● **To do**: In the entries below, begin at the line that has "Yellow Curry ·", stop after the line that has "a group of women doing yoga", and output those lines exactly with no pictures.

● **Information provided**:
-----

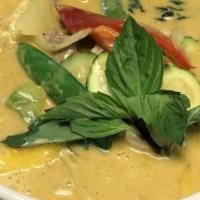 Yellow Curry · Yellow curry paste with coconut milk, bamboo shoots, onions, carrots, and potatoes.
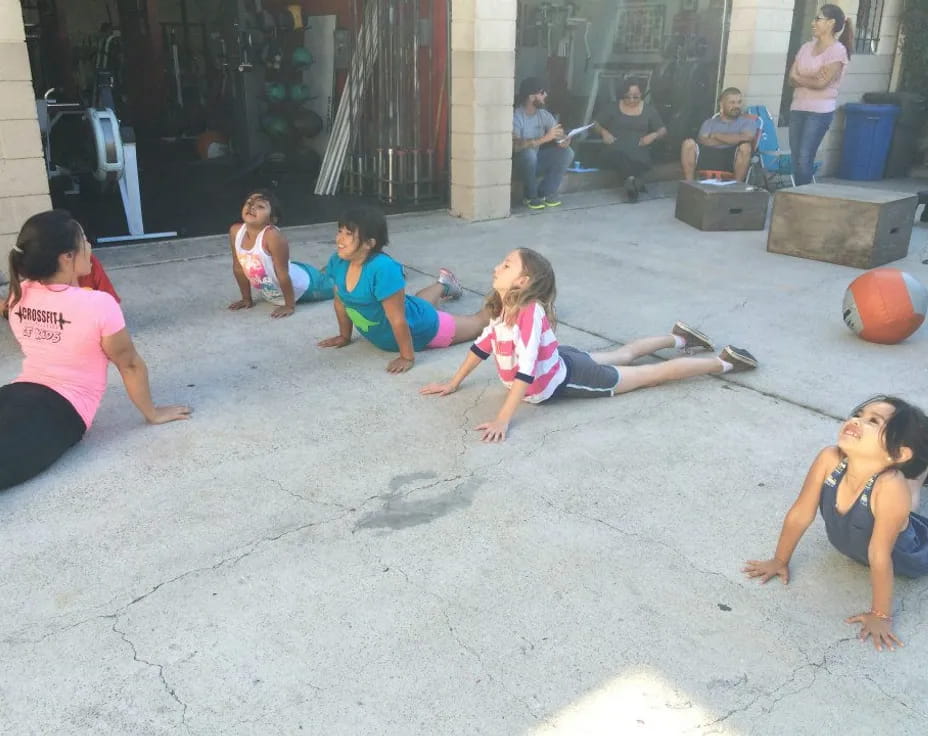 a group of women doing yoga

-----

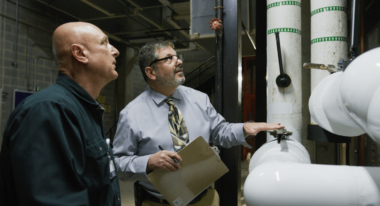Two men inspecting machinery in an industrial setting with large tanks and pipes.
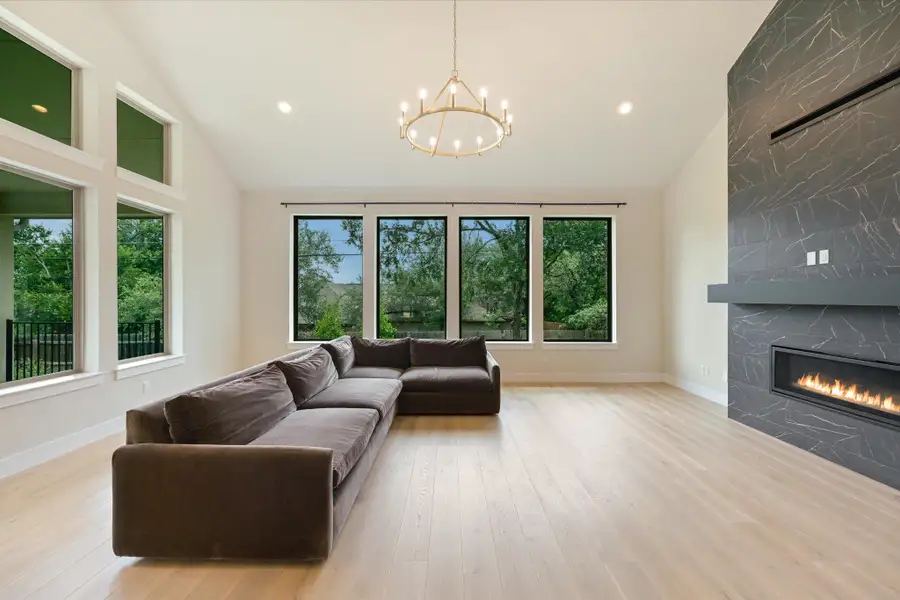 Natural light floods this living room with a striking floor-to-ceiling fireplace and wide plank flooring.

-----

● **Task response**:
 Yellow Curry · Yellow curry paste with coconut milk, bamboo shoots, onions, carrots, and potatoes.
 a group of women doing yoga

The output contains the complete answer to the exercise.